A mechanistic kinetic model has been developed and validated for Cu(II)/AA (ascorbic acid) and Cu(II)/H₂O₂/AA systems under varying chloride concentrations and circumneutral pH. While the Cu(II)/AA system degraded the selected target contaminant (formate) via Cu(III) generation through a Fenton-like mechanism, observed efficiencies were inadequate for practical water treatment across a broad range of chloride concentrations. This limitation stemmed from insufficient H₂O₂ production, leading to low Cu(III) concentrations, and scavenging of Cu(III) by AA and its oxidation products. Conversely, adding AA to the Cu(II)/H₂O₂ system at low chloride concentrations enhanced degradation by accelerating Cu(II) reduction to Cu(I), promoting copper redox cycling and increasing Cu(III) formation. However, degradation plateaued at approximately 40 % within 10 min due to Cu(III) scavenging by AA and its byproducts. Using the developed model, optimised reagent dosing strategies achieved over 90 % formate degradation within an hour through consecutive AA additions at 10 min intervals.
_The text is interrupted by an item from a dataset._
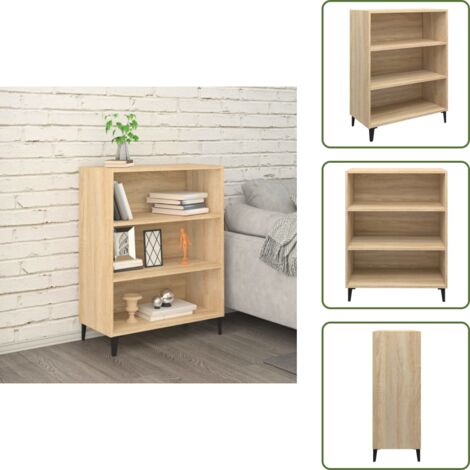 Aparador de almacenamiento - vidaXL Aparador de madera contrachapada roble Sonoma 69,5x32,5x90 cm - Aparador decorativo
This approach, employing non-hazardous reagents and demonstrating high efficiency at low chloride concentrations, offers a promising approach to removal of oxidisable organic contaminants during wastewater treatment. The model proved instrumental in optimising reagent dosing, enhancing degradation efficiency, and potentially reducing operational costs for scaling up of a copper-based advanced oxidation process.